What you need to do = Using the records below, give again exactly the lines from the line that contains "Kids Kick Scooter" through the line that contains "Mirrors & More", both ends included, and only those.
(Exercise input Opens)
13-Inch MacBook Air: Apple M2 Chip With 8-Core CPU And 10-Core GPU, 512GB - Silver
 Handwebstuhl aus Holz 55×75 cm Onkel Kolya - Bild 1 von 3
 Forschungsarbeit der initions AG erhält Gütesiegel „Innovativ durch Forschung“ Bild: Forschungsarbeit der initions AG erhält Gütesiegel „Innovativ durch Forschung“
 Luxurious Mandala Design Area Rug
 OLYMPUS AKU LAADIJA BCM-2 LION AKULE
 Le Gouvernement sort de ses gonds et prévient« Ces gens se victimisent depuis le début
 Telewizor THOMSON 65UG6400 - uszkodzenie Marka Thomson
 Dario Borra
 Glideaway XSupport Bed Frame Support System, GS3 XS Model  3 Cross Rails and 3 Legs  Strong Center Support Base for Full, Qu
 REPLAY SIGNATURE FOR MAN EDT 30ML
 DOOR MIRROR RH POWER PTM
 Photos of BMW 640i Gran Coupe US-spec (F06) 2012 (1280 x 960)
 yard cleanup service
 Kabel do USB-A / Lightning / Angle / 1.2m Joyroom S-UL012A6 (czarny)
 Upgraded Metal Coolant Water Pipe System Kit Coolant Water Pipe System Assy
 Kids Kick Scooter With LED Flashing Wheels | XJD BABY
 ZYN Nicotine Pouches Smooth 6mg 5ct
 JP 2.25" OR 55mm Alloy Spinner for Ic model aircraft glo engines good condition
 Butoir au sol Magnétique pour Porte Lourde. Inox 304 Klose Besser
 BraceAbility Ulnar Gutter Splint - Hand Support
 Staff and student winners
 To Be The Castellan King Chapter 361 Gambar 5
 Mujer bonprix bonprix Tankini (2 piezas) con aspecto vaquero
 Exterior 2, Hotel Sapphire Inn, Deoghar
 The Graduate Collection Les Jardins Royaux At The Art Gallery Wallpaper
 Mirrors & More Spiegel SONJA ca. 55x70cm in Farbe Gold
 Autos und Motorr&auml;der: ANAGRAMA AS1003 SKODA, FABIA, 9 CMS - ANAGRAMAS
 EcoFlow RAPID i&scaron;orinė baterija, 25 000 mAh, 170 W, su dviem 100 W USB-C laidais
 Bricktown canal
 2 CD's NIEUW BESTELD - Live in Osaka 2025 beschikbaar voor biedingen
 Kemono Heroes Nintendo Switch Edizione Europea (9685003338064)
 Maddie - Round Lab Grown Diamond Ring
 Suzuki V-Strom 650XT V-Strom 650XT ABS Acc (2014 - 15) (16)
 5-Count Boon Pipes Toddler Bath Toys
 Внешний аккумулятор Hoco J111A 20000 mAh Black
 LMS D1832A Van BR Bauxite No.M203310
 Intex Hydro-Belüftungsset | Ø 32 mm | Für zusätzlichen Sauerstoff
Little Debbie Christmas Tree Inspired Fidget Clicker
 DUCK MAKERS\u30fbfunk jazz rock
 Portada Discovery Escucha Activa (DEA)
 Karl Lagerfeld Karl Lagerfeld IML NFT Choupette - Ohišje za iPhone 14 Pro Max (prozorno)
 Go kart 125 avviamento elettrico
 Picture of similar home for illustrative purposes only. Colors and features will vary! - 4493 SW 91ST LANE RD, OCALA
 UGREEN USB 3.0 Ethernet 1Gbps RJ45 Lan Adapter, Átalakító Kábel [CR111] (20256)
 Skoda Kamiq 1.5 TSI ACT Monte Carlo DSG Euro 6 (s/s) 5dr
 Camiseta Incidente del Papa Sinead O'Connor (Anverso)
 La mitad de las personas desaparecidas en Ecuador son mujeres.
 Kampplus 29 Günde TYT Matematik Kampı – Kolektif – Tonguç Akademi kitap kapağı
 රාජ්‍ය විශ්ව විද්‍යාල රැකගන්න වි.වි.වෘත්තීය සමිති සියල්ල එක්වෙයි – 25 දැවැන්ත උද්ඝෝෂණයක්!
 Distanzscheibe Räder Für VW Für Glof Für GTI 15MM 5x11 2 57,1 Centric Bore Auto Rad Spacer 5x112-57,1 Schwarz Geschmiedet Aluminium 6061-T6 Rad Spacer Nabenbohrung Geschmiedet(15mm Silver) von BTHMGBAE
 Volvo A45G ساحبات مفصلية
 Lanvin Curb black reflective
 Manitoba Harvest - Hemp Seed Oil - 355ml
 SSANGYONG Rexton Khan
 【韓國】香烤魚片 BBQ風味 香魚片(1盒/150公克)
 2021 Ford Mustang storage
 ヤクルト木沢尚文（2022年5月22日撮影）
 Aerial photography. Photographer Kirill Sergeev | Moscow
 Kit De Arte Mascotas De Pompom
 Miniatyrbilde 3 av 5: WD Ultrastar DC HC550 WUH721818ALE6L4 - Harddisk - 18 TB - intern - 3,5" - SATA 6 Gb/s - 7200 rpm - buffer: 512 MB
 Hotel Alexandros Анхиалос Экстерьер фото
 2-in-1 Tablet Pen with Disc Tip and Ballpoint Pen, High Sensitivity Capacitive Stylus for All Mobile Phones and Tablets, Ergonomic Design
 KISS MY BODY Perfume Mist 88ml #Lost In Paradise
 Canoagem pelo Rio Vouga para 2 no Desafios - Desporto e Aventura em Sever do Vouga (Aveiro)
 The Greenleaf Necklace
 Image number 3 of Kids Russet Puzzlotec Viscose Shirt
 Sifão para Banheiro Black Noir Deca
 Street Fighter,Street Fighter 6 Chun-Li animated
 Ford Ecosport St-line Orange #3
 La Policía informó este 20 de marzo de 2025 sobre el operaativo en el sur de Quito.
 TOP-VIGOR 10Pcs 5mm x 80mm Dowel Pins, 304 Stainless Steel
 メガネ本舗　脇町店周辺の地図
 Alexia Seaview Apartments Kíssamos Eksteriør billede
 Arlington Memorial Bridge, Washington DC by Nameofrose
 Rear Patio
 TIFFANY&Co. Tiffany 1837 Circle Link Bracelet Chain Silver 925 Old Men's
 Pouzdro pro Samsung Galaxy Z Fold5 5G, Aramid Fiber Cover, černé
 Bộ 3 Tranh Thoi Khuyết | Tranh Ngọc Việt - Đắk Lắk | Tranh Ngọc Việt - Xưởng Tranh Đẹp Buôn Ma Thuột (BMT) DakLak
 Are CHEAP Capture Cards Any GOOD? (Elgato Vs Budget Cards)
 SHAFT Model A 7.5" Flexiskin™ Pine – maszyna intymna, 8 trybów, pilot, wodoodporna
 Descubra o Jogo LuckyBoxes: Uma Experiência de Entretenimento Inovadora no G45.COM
(Exercise input Closes)
Response to the task =
 Kids Kick Scooter With LED Flashing Wheels | XJD BABY
 ZYN Nicotine Pouches Smooth 6mg 5ct
 JP 2.25" OR 55mm Alloy Spinner for Ic model aircraft glo engines good condition
 Butoir au sol Magnétique pour Porte Lourde. Inox 304 Klose Besser
 BraceAbility Ulnar Gutter Splint - Hand Support
 Staff and student winners
 To Be The Castellan King Chapter 361 Gambar 5
 Mujer bonprix bonprix Tankini (2 piezas) con aspecto vaquero
 Exterior 2, Hotel Sapphire Inn, Deoghar
 The Graduate Collection Les Jardins Royaux At The Art Gallery Wallpaper
 Mirrors & More Spiegel SONJA ca. 55x70cm in Farbe Gold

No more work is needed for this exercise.